# OpenFF NSP Optimization Set 2 Sulfur v4.0

This notebook generates optimizations for Sulfur set of molecules in the NSP molecules set obtained from Pubchem.

In [1]:
import pathlib
from pprint import pprint
from openff.toolkit import Molecule
import numpy as np

from openff.qcsubmit import workflow_components
from openff.qcsubmit.factories import OptimizationDatasetFactory
from openff.qcsubmit.utils.visualize import molecules_to_pdf


In [2]:
input_file = 'set2-S-smiles-pka-normalized.smi'
molecules = Molecule.from_file(input_file, allow_undefined_stereo=True)
molecules_to_pdf(molecules, f"dataset.pdf")

In [3]:
len(molecules)

1235

In [4]:
dataset_factory = OptimizationDatasetFactory()
dataset_factory.add_workflow_components(
    workflow_components.StandardConformerGenerator(max_conformers=10)
)

description = """\
Optimization dataset to probe coverage of nitrogen, sulfur, and phosphorus (i.e., NSP) functional groups in general, and sulfur in particular.
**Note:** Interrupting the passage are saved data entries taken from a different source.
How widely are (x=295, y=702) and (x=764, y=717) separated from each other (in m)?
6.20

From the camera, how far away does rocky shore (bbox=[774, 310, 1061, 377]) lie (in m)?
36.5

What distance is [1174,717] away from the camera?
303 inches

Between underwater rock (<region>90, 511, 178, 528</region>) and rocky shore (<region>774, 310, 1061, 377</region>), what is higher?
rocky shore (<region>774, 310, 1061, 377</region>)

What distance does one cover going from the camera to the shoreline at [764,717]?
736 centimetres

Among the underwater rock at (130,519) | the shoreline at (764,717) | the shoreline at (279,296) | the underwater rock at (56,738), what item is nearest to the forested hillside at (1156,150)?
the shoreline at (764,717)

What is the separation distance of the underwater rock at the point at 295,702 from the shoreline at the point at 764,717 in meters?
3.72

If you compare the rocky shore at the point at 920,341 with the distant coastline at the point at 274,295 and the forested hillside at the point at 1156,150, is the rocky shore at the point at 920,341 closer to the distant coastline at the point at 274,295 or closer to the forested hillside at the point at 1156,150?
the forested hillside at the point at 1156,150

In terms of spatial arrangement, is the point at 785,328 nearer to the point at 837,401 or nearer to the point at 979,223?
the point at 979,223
Molecules were curated from PubChem datasets, retaining those with HAC < 40 and applying additional filters; the preprocessing steps are detailed at https://github.com/pavankum/NSP_sets. This dataset includes a broader set of molecules, many of which may not be drug-like, but are informative for differentiating force field parameter ranges. In addition to the default OpenFF QC specification (B3LYP-D3BJ/DZVP), an SPICE-level QC specification (ωB97M-D3BJ/def2-TZVPPD) is included, since many molecules have charged states. Set 2 prioritizes as many varied charged states as possible with valid valences for the atoms. Some of these may include charged states that get protonated immediately in solvent, but they were retained for experiments to check the quality of charge equilibration in MLIPs as some of these may be used as reference for bespoke torsion fits. 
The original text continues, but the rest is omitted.